Everywhere you look, everything you see involves engineering. Engineering uses the imagination to create new things from scratch, and boys are not the only ones with vision and a passion for creating. Girls love these things as well. Yes, this fact is illustrated in a girl’s love for engineering with forts. A love of engineering for girls starts with fort building.
Fort Magic kits encourage creation with gender neutral fort kits. Why? Because research shows and engineers agree that encouraging a girl’s interest in engineering and science proves beneficial. Finding and fostering a young girl’s passion for drawing, building, imagining or analyzing may lead to a future engineer.
What may not surprise you is that girls are needed in the field of engineering. While boys are encouraged in this pursuit, girls often miss out on these opportunities. Girls represent the minority in Science, Technology, Engineering and Math (STEM) programs. Less than 15 percent of engineers are women.
These facts do not imply that girls are less capable or even uninterested. If given STEM toys, girls imagine, create and play right along with the boys. But, these types of toys i.e. building blocks, chemistry sets, and rocket kits, often do not stock the shelves in the pink girls’ section at the store. Early exposure to engineering concepts provides girls with an understanding of the power of this creative process and its value in our society. Engineering shapes every aspect of our lives from how and what we eat to how we learn and how we engage and navigate the world. And, fort building provides a fun way for girls to explore aptitude and passion for necessary skills in this field.
Why, again, is this so worthy of attention? Aprille Ericcson, a NASA aerospace engineer, believes that “Without diversity in all fields, the United States will not remain technically competitive.” Solving problems and creating unique tools accomplished by the differing perspectives of girls and boys produces impressive projects. Girded with information, parents take on the role of proactively addressing this gender disparity in engineering. Armed with your Fort Magic kit, create a problem and inspire your daughter to solve the issue. Begin by having her draw out ideas on paper. Problem-solving and design are integral to engineering.
If you need a little inspiration, you can spur a little girl’s interest in engineering with hands-on activities found at DiscoverE. Using Fort Magic sticks and connectors, your daughter can be inspired to create a structure worthy of earthquake survival or an emergency shelter. Now, start inventing! Lay out the sticks and connectors, plus any other needed supplies such as sheets or crafting items. Encourage your daughter to bring alive the drawings on the paper. If parts are missing, help her walk the house and imagine what she could use. Critical thinking solves problems as she goes along, and her imagination just might inspire you!

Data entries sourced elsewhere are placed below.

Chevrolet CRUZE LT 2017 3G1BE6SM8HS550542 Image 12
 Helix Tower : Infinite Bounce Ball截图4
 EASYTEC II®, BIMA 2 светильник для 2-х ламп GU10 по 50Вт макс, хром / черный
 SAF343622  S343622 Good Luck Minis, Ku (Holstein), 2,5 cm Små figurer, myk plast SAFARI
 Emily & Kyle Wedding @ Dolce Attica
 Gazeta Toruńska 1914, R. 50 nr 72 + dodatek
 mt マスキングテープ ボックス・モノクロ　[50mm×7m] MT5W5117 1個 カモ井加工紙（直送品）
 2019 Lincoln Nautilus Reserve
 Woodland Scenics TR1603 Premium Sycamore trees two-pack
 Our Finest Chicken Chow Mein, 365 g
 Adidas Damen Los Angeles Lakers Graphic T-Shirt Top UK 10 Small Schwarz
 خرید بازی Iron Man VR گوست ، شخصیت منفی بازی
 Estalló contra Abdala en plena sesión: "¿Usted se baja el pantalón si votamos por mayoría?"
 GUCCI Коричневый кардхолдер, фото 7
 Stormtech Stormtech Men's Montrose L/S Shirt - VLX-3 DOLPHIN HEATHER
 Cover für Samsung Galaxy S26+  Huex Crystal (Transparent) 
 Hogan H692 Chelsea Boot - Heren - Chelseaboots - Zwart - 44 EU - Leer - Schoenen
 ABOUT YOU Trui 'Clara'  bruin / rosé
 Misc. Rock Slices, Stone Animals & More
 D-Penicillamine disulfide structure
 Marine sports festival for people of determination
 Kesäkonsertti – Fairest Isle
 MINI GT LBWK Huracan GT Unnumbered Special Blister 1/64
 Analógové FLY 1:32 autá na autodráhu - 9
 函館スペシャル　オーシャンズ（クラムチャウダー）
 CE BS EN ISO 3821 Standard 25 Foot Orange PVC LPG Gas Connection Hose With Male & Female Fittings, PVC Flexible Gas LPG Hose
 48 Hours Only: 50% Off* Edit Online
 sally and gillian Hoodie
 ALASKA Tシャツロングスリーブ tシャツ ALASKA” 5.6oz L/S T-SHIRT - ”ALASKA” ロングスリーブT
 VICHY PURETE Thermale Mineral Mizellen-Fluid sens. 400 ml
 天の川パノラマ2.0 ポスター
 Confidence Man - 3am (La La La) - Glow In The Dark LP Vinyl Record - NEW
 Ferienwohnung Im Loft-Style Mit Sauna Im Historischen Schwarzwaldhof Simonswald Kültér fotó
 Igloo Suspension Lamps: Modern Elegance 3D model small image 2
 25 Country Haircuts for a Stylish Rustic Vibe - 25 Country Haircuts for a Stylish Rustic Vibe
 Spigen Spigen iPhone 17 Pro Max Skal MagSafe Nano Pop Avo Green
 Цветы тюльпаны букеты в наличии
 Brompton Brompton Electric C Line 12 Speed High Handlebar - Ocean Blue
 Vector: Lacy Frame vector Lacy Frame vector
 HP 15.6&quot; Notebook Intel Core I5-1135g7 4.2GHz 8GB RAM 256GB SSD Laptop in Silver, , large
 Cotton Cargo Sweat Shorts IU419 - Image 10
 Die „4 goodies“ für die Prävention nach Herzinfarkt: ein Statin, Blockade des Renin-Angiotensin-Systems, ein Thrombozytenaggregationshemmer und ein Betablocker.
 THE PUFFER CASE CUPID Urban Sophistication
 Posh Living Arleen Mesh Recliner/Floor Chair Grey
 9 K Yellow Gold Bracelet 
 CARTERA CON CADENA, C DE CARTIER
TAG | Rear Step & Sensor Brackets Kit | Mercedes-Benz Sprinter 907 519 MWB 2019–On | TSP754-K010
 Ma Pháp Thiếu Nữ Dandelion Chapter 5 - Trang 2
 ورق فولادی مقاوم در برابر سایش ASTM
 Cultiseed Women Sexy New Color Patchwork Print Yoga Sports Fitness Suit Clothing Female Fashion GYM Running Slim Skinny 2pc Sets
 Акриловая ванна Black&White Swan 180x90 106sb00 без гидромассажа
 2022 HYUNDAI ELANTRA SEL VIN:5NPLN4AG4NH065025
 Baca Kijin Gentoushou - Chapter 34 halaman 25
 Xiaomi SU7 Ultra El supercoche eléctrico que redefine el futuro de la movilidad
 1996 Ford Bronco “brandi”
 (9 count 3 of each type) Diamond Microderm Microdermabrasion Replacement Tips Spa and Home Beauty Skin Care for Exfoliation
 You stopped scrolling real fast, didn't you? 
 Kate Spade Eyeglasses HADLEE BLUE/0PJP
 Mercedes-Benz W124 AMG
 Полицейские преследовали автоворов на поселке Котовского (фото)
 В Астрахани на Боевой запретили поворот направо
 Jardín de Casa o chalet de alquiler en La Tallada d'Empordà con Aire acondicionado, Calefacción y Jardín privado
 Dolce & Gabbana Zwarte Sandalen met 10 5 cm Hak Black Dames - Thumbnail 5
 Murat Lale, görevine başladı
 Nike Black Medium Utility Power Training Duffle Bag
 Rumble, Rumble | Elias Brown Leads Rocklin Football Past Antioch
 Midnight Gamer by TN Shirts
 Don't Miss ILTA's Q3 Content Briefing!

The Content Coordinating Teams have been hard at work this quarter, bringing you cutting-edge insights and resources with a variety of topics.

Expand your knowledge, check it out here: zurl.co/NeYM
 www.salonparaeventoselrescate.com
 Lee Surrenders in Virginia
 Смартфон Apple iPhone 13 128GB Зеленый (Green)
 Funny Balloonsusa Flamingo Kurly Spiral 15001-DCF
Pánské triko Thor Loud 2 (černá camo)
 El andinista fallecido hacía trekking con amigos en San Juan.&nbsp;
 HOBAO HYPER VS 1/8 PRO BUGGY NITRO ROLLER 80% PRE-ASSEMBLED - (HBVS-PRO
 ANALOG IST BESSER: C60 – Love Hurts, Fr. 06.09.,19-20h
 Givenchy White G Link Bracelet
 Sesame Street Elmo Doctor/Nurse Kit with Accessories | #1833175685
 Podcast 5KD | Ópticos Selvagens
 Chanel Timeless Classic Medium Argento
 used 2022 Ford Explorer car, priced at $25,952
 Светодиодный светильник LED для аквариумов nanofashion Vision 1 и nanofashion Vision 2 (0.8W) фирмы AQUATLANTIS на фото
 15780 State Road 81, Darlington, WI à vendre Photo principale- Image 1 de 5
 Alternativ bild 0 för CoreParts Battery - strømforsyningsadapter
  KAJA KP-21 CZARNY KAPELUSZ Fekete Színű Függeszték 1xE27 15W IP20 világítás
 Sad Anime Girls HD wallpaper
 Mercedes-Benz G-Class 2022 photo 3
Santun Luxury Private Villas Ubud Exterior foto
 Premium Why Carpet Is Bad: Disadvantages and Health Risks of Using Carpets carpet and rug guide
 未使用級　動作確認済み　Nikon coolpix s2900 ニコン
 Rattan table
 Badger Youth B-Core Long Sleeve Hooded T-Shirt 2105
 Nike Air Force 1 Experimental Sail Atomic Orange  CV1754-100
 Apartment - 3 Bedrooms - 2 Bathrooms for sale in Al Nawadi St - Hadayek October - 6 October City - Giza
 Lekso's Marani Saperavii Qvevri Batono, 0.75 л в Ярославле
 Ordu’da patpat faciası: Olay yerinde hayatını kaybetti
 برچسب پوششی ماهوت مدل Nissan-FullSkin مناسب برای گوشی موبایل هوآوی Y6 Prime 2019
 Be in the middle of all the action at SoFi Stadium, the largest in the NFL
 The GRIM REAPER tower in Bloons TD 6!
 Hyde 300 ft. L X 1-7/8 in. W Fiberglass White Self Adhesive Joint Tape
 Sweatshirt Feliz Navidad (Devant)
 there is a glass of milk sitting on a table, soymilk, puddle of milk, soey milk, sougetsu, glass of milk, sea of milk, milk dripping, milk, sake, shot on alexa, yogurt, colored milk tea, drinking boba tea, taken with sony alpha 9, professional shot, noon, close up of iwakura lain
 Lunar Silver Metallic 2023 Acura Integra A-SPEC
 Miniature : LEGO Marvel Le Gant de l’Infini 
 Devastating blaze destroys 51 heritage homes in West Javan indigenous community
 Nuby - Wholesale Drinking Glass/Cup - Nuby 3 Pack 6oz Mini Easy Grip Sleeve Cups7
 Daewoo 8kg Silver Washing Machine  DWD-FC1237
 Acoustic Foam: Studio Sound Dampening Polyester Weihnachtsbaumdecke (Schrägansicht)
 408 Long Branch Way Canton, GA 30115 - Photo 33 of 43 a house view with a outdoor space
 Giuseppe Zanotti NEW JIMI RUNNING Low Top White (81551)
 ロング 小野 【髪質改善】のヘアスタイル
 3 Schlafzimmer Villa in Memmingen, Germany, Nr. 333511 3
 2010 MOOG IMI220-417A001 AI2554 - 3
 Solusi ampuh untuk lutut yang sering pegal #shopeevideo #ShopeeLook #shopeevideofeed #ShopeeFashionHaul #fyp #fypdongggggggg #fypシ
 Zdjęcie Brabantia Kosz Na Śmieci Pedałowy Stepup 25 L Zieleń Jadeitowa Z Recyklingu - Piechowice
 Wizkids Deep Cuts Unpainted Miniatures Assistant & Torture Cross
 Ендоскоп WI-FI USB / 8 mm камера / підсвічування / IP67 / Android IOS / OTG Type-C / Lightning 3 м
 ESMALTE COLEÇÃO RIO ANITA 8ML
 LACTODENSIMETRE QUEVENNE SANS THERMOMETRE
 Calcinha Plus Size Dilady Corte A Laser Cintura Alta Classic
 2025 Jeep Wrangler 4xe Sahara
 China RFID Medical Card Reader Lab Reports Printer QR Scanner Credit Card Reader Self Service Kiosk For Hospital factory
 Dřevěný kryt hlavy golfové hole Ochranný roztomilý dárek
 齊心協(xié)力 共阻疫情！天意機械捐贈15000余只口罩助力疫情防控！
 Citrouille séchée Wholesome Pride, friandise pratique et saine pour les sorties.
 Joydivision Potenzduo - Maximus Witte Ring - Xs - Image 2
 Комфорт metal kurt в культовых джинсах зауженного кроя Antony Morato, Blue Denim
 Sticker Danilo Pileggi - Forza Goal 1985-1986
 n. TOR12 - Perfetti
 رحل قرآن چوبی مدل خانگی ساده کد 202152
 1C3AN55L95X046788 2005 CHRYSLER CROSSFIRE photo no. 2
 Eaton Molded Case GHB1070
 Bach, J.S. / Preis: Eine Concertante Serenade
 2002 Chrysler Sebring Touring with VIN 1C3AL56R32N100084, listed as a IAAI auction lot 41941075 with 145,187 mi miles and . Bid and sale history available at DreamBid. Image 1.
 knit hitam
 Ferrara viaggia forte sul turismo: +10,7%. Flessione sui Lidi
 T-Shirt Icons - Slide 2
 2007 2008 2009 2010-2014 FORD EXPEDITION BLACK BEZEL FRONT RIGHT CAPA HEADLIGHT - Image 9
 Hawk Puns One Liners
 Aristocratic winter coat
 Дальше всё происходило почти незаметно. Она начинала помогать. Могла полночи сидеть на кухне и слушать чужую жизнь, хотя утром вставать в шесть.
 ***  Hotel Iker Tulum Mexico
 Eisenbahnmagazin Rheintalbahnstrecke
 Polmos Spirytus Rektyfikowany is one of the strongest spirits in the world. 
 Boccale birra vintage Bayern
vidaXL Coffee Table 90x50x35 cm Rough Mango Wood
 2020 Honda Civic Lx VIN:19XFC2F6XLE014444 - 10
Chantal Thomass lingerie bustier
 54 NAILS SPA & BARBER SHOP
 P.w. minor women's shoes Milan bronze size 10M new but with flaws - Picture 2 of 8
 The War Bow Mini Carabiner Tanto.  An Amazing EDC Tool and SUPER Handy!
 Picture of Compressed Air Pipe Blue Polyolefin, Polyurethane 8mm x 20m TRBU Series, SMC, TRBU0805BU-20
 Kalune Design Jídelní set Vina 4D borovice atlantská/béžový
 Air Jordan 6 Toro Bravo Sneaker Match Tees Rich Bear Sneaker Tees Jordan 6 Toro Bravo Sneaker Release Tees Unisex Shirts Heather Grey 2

Once completed, the time comes to test the project. Did the creation solve the problem? Put on those thinking caps and resolve further problems, update the solution, make adjustments and analyze if the solution solves the problem. Remember to let your girl lead the charge on all thinking. Asking questions rather than making statements helps with this. Let her fail. If she has an idea, let her try it out (within safe guidelines, of course). Making mistakes or trying solutions that do not work frees the mind to new ideas.
Working together, child to parent or child to child makes the project all the more fun and develops group cooperation. Engineers do not stand alone. Many other fields must work together to create grand projects. Help your little girl to learn these relational skills at a young age. For more thoughts on inspiring this engineering process, check out Engineering for Kids with Forts.
Look at the world around you and find the work of engineers. Bridges, buildings, snowboards, wireless networks and more exist due to the hand of an engineer. Brainstorm together how an engineer played a role in creating everyday items such as a frying pan. Research answers on the web for things your daughter is curious about or to discover what engineering is.
Further inspire your young girl with stories of women engineers. For instance, in 1903, Mary Anderson invented the windshield wiper. Emily Roebling studied engineering topics and supervised the building of the Brooklyn Bridge when her husband became ill.
Take your daughter’s fort building skills to new levels by searching out camps, events, clubs and competitions. Form a team with friends or go solo. Cannot find a group? Start one to encourage fun projects that get girls designing and creating. As a family, plan a Girl Day activity to promote girls in engineering. Be sure your girl plays an integral role in the planning and activity. After all, this is about her.